THE Government has approved a partial re-opening of cultural and creative industries with effect from last weekend, but musical gigs and other live events remain banned in the context of Covid-19 restrictions.
The sectors which have been cleared to resume their operations are exhibitions in galleries and museums, book launches, film production, art schools, arts and culture centres, visual art studios, music recording studios, drive-in cinema, studio recording for online publication and theatre houses for drama, dance, movies and spoken word.
According to National Arts Council of Zimbabwe (NACZ) director Nicholas Moyo, although some of the cultural and creative arts have resumed, musical shows are still banned.
“We are still guided by the policy of having 100 people at an event,” he said. “Artistes can still do their private functions, but not exceeding 100 people and being guided by Covid-19 regulations.
“They cannot do shows as before because they are not yet opened unless they are doing a private function that should not also exceed 100 people and remember a private show does not have gate-takings, it is like a wedding or a party.”
Moyo encouraged artistes to establish and adhere to the set Covid-19 prevention protocols and standard operating procedures at all times as they reopen their creative spaces.
“We would like to advise stakeholders that the Government has approved the partial re-opening up of low-risk sectors of the Cultural and Creative Industries (CCIs) in line with Public Health (Covid-19 Prevention, Containment and Treatment) (National Lockdown) (Consolidation and Amendment) Order/2020,” he said.
“We would like to thank all the stakeholders including the Ministry of Youth, Sport, Arts and Recreation, the National Arts Gallery of Zimbabwe (NGZ), Ministry of Health and Child Care, and the various players and captains of industry in the sector for their input in coming up with the standard operating procedures to guide the reopening of the sector.”
Moyo said everyone should play a role in preventing the resurgence of local transmission cases with the re-opening of the arts sector.
He said those ready to resume business in the stated areas should apply with NACZ.
“They should apply with us and can be allowed to resume operations if the council is satisfied that they are able to adhere strictly to set Covid-19 transmission prevention protocols and the standard operating procedures (SOPs),” he said.

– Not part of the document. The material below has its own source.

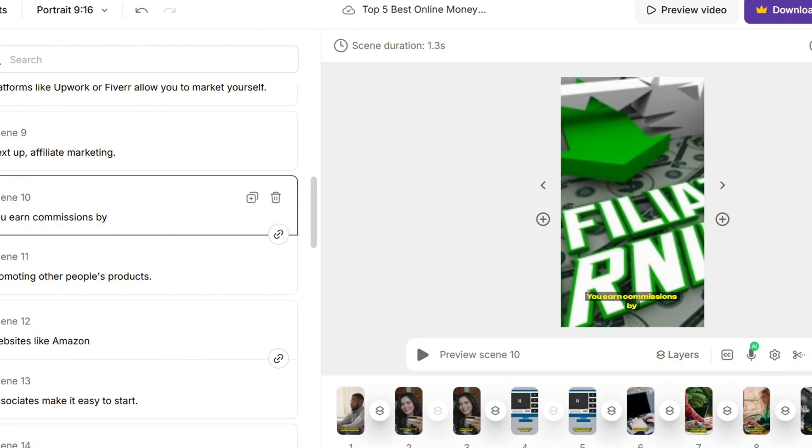Shorts will attract new viewers and drive them to your main long-form videos. We're going to explode your views by combining shorts with full-length content.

Moyo urged arts players to maximise the lockdown period by using the opportunity to be creative.
“As the sector is celebrating the relaxation of the Covid-19 restrictions which have seen the CCIs dormant for the past six months, NACZ would like to encourage players in the sector to take advantage of the relaxation of the Covid-19 restrictions to go back to their creative spaces and engage in serious production for the sector to recover some of the opportunities lost due to the lockdown period,” he said.
“After successfully lobbying for the sector’s re-opening, the NACZ implores industry players to put the health of practitioners and consumers of CCI products at the forefront of their operations to avoid the sector becoming a vector in the transmission of the deadly virus.”

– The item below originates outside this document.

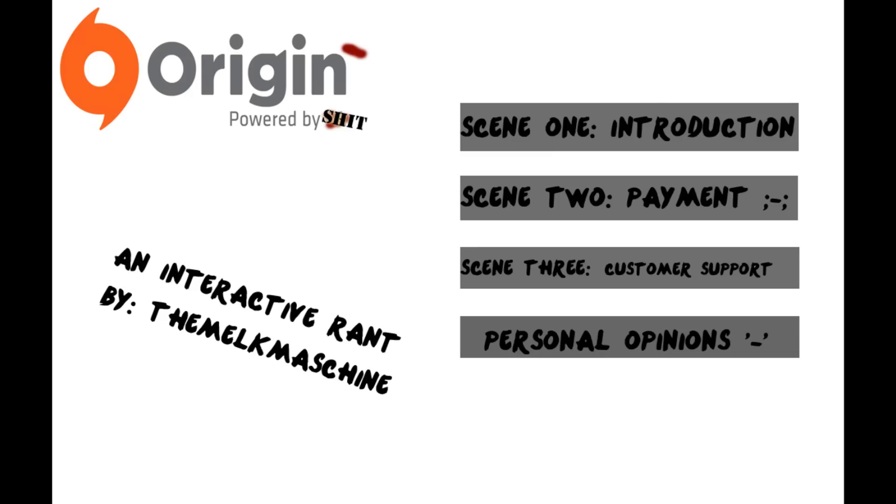So basically what you're going to do is just click on that and just hear me rant about that certain spot. So, without further ado, go ahead and pick a video.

Moyo said to maintain the low-risk status of the sectors which were re-opening, the Government approved standard operating procedures and ground rules for the players.
“Those re-opening should cover the following areas: sanitisation at the entrance at entry and exit points, temperature checks, wearing of face masks and shield by patrons and staff, register of all attendees for particular events, social distancing in set up and activities, sanitisation of physical objects/equipment within arts spaces, fumigation of premises before and after usage,” he said.
“Audiences to conform to the 100 allowed for gatherings, selling of tickets in advance to control numbers, sale of alcohol at the venues, staff regular health checks for the testing of Covid-19 and the immediate closure of an arts space in case of Covid-19 cases detection.”